◆ **Problem**
Each line of the entries below that holds "Shirt" is needed, copied in full.
Segment Start: The data
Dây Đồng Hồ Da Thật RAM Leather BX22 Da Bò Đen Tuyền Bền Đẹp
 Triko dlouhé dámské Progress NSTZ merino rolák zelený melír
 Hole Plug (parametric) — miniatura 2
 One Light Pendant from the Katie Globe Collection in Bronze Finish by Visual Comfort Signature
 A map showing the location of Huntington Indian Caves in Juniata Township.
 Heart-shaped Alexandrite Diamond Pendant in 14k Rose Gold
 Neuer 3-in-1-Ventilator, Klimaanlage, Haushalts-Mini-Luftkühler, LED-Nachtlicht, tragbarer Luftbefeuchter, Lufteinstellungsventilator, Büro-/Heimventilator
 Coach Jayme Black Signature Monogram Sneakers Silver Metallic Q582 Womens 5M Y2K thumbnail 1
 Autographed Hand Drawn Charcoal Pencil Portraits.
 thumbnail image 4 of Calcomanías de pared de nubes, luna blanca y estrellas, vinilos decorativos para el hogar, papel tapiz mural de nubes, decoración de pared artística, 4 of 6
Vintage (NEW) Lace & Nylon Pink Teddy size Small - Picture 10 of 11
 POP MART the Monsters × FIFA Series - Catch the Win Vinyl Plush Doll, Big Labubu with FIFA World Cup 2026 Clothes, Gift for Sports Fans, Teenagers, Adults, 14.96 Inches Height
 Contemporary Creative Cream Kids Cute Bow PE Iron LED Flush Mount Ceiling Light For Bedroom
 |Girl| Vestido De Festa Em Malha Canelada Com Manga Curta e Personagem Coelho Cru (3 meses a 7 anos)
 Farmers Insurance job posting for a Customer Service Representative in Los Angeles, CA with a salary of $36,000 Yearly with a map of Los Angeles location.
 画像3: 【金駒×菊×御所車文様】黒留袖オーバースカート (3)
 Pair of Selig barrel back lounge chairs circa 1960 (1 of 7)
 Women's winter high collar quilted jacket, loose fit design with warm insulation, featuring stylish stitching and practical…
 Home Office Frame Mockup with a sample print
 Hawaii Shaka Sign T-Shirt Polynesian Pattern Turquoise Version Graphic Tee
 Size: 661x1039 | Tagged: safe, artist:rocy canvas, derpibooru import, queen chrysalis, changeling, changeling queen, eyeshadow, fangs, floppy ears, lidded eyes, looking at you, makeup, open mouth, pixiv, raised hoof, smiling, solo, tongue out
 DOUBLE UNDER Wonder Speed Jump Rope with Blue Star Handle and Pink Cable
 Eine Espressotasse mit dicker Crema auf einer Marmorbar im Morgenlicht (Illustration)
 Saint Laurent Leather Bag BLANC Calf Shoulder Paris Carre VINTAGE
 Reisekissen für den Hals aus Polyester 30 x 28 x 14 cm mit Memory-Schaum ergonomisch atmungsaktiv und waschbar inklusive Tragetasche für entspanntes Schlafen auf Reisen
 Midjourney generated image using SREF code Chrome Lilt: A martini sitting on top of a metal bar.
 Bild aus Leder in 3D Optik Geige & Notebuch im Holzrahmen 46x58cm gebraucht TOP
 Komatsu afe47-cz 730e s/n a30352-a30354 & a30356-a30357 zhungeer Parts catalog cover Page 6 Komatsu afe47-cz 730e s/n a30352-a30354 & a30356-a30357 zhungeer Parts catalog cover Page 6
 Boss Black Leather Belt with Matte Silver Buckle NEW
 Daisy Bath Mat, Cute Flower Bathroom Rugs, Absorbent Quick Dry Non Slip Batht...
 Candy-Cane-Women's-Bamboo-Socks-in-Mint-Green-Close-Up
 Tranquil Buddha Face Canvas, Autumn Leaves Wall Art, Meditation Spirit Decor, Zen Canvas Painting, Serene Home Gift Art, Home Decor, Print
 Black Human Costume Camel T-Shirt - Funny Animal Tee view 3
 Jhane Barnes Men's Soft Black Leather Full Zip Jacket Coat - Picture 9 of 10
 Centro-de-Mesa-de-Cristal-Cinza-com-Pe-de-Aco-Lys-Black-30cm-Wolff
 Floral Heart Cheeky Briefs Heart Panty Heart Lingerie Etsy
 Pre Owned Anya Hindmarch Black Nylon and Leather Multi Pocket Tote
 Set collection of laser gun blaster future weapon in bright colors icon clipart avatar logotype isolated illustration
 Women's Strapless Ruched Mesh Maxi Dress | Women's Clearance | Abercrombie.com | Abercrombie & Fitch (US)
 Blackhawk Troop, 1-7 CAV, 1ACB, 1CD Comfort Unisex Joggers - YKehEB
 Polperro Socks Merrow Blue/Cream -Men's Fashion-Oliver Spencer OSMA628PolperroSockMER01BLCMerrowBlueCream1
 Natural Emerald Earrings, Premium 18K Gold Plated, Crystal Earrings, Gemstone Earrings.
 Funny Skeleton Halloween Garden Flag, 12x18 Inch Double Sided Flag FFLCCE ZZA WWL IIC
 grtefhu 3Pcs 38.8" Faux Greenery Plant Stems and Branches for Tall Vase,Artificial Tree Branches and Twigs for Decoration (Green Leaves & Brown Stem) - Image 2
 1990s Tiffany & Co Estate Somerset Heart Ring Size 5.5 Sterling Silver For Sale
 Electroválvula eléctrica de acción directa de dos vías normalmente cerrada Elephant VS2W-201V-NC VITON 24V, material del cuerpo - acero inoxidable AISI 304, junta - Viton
Segment End: The data
◆ **Result of the task**
 Hawaii Shaka Sign T-Shirt Polynesian Pattern Turquoise Version Graphic Tee
 Black Human Costume Camel T-Shirt - Funny Animal Tee view 3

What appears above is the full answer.